Entomo Farms from Norwood, Ont. will provide Loblaws with cricket powder that’s sold under the President’s Choice product line. The farm is North America’s first and largest insect farm for human consumption.
The fact that a national chain shows an interest in entomophagy, the human consumption of insects, illustrates a change in the way people think about food, said Jarrod Goldin, who helped co-found the now 6,100 square-metre (65,659 square-foot) farm in 2014.
“It’s great to see companies like this that want to innovate and challenge the Canadian palate,” Goldin told Farms.com today. “It’s really forward thinking and we certainly feel there’s a demand for people who want to eat healthy food. To have the Loblaws brand behind us is validation that people are open to insect protein.”
Crickets have more protein than beef, are a healthy source of fat, are high in iron, fibre and other nutrients, Entomo’s website states. Globally, 2 billion people eat insects as part of their traditional diets, with more than 1,900 species of insects used as food, according to a 2013 Food and Agriculture Organization of the United Nations report. Insect protein could be important with a global population expected to surpass 9 billion by 2050, the report documents.

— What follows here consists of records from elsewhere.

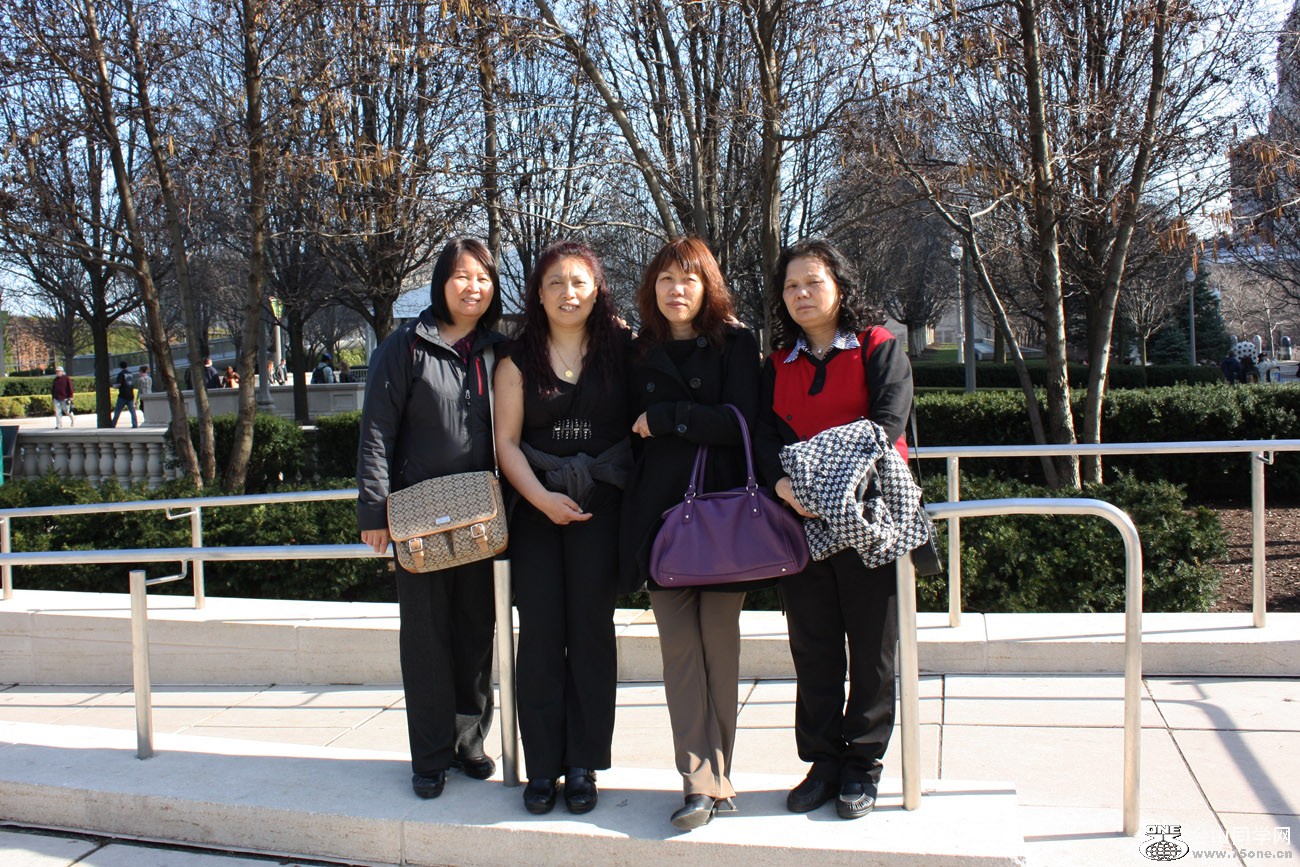 IMG_9367.jpg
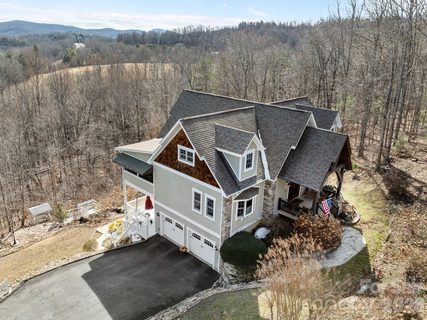 A home in Lamplighter Estates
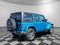 2024 Jeep Wrangler 4xe Sport S 4xe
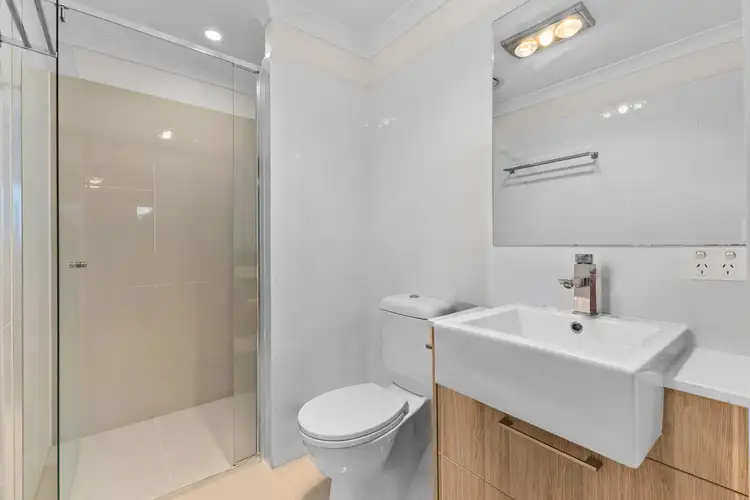 Seventh view of Homely unit listing, 5/4 Harold Street, Zillmere QLD 4034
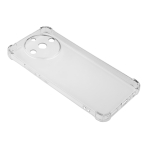 Купити Чохол TPU Virgin Hard Full Camera для Realme 11 4G, 3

Entomo harvests its crickets every six weeks.
More than 100 million crickets are housed in three retrofitted chicken barns. The specific species of cricket has a lifecycle of about seven weeks and, prior to harvest, some crickets lay eggs to replenish the population, Goldin said.
The harvested crickets are transported to a processing facility where they are either whole roasted as a snack food or turned into the powder customers will see on shelves in Loblaws stores. This powder can be used for cooking, baking or as a garnish.
Crickets also have some agricultural uses.
Beef, hog and poultry producers can feed crickets to their animals.
“Preliminary studies are showing better survival rates of hatchlings and better growth rates in chickens,” Goldin said.
Members of the horticulture industry can also make use of the insects.
Cricket manure can be applied to fruit and vegetable crops as a natural fertilizer, Goldin said.
“The manure makes for a fantastic fertilizer,” he said. “A tomato farmer could use the fertilizer to increase yields, protect the root system and protect the soil. We’ve been working with universities to understand exactly how the manure works to benefit plants.”